Я вышел из народа, но мое происхождение нисколько не влияет на мои взгляды; они обусловлены не сословием, к которому я принадлежу по рождению, а проведенными мной историческими исследованиями.

Нации — это гигантские организмы, подверженные людским болезням; порой они страдают от истощения, и тогда следует лечить их средствами, поднимающими тонус; порой — от полнокровия, и тогда следует делать им кровопускание. Вы говорите, что Республика — это химера, и я с вами согласен, по крайней мере, в данный момент; но здесь вы заблуждаетесь, сударь. Мы живем не в эпоху Республики, мы живем в эпоху Революции. В течение ста пятидесяти лет нас разоряли короли, в течение трехсот лет нас угнетали вельможи, в течение девяти веков священники держали нас в рабстве, но настал миг, когда ноша оказалась непосильной для спины, что должна была ее нести, и восемьдесят девятый год заявил о правах человека, сравнял духовенство с другими подданными королевства и упразднил какие бы то ни было привилегии.

Оставался король; на его права еще никто не посягал.

Его спросили:

«Признаете ли вы Францию в том виде, какой она стала после наших преобразований, с ее тремя группами населения — третьим сословием, духовенством и дворянством, уравновешивающими друг друга; признаете ли вы конституцию, которая оставляет вам привилегии, предоставляет цивильный лист и налагает на вас обязанности? Обдумайте это здраво. Если вы отказываетесь — скажите „нет“ и уходите. Если вы согласны, скажите „да“ и поклянитесь».
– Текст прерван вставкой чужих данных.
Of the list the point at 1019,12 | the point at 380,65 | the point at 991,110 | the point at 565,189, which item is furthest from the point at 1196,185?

Король сказал «да» и дал клятву.

На следующий день он покинул Париж и, будучи убежденным, что пересечет границу, поскольку все было предусмотрено, приказал передать представителям народа, которым дал накануне свое обещание, такие слова: «Меня вынудили поклясться, и моя клятва исходила из моих уст, а не из сердца; я слагаю с себя обязательства, вновь беру свои права и привилегии и вернусь вместе с неприятелем, чтобы наказать вас за непослушание».
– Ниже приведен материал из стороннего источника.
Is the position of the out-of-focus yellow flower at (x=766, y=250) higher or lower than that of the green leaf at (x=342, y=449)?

— Вы забываете, генерал, — сказал Фош-Борель, — что те, кого вы называете неприятелем, состоят с ним в родстве!

— Вот в этом-то и беда, дорогой мой, — сказал Пишегрю, — беда в том, что родственники короля Франции являются врагами Франции, но что поделаешь, так оно и есть; в жилах Людовика Шестнадцатого, рожденного от принцессы Саксонской и сына Людовика Пятнадцатого, нет и половины французской крови; он женится на эрцгерцогине, и вот вам королевский герб: первая и третья четверти в нем лотарингские, вторая — австрийская и только последняя четверть принадлежит Франции. Вследствие этого, как вы сказали, когда король Людовик Шестнадцатый ссорится со своим народом, он взывает к своей родне, но, поскольку его родня является нашим врагом, он взывает к врагу, и, поскольку по его призыву враг вступает во Францию, король совершает преступление против народа, равносильное, если не более тяжкое, преступлению против монархии.
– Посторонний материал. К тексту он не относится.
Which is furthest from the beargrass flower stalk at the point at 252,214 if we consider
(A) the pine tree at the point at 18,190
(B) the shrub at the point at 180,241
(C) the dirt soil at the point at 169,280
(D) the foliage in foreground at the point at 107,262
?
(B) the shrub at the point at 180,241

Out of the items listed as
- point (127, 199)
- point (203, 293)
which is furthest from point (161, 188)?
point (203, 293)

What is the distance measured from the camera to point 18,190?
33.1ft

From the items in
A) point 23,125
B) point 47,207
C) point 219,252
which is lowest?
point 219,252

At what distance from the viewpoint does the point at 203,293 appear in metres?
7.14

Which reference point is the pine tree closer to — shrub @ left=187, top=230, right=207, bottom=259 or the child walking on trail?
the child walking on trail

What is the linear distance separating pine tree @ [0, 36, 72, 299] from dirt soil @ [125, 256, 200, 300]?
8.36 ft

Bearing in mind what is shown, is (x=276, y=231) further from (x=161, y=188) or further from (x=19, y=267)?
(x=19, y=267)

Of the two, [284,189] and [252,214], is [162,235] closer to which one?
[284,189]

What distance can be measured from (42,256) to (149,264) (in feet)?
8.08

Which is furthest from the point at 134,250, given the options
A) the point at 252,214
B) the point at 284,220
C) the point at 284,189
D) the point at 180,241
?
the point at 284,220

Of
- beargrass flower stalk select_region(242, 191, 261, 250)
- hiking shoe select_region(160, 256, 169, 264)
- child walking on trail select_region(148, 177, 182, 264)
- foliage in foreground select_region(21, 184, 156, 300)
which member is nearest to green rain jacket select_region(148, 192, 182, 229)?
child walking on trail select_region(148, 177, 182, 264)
И тогда происходит ужасное: в то время как король молится за военные успехи своей родни, то есть за посрамление французского оружия, и королева, видя пруссаков в Вердене, подсчитывает, через сколько дней они будут в Париже, — тогда-то и происходит это ужасное: вся Франция, обезумевшая от ненависти и патриотизма, поднимается и, дабы не быть окруженной врагами (австрийцами и пруссаками — спереди, королем и королевой — в центре, дворянами и аристократами — сзади), Франция борется со всеми сразу: ведет огонь по пруссакам в Вальми, расстреливает австрийцев в Жемапе, режет аристократов в Париже и отрубает головы королю и королеве на площади Революции. Благодаря этому страшному кровопусканию она считает себя исцеленной и переводит дух.

Но она заблуждается: родственники, которые вели войну под предлогом того, чтобы посадить Людовика XVI на трон, продолжают вести войну якобы для того, чтобы посадить на него Людовика XVII, но на самом деле с целью войти во Францию и расчленить ее. Испания желает отобрать Руссильон; Австрия — Эльзас и Франш-Конте; Пруссия — маркграфства Ансбах и Байрёйт. Дворяне поделились на три группы — одни сражаются на Рейне и на Луаре, Другие плетут заговоры; повсюду войны: война с внешним врагом и гражданская война, борьба внутри страны и за ее пределами! Отсюда — тысячи людей, павших на полях сражений; отсюда — тысячи людей, убитых в тюрьмах; отсюда — тысячи людей, угодивших под нож гильотины. Отчего? Да оттого, что король, давший клятву, не сдержал ее и, вместо того чтобы броситься в объятия своего народа, то есть Франции, бросился в объятия своей родни, то есть врага.

— Значит, вы одобряете сентябрьские убийства?

— Я сожалею о них. Но что поделаешь против воли народа?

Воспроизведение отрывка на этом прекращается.